I’ve been on Twitter for nearly two and a half years now, but I’ve yet to take advantage of one of its better features, Follow Friday. If you’re not familiar with it, #FF is an opportunity to recommend one (preferably) Twitter stream to your followers, along with a brief explanation why. The main reason I haven’t taken advantage of Follow Friday is that if you really want to know which Twitter feeds I recommend, follow all the ones I follow. I only track about 200 Twitter accounts, and I try to cull the list every so often to maintain a 1-to-10 follow ratio, so everyone on my Following list comes with a thumbs-up from me.

Nonetheless, I thought that it might be useful if I identified the Twitter feeds (and the blogs) that I really rely upon when it comes to understanding better the revolution underway right now in the legal marketplace. I’m extraordinarily grateful that these people and organizations deliver so much information and insight regularly, for free, and I wanted you to be able to share the value that they provide.

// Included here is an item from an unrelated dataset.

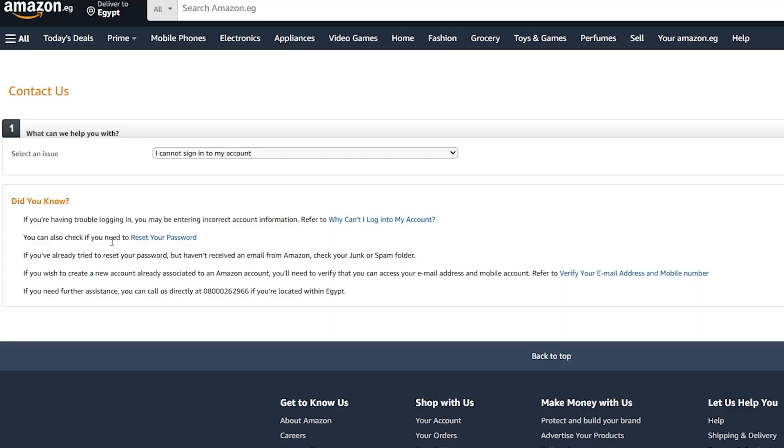Or you can also check if you need to reset your password and this might also help. But let's say that you also have the same issue despite using this method by resetting your password.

A Twitter account’s or blog’s absence from these lists does not, I want to emphasize, signal a lack of appreciation or endorsement: I follow many bloggers and Twitterers on subjects like legal technology, legal education, social media and so forth. These lists are what you could call my “legal innovation” recommendations: content streams that consistently appear and focus on the changing marketplace environment.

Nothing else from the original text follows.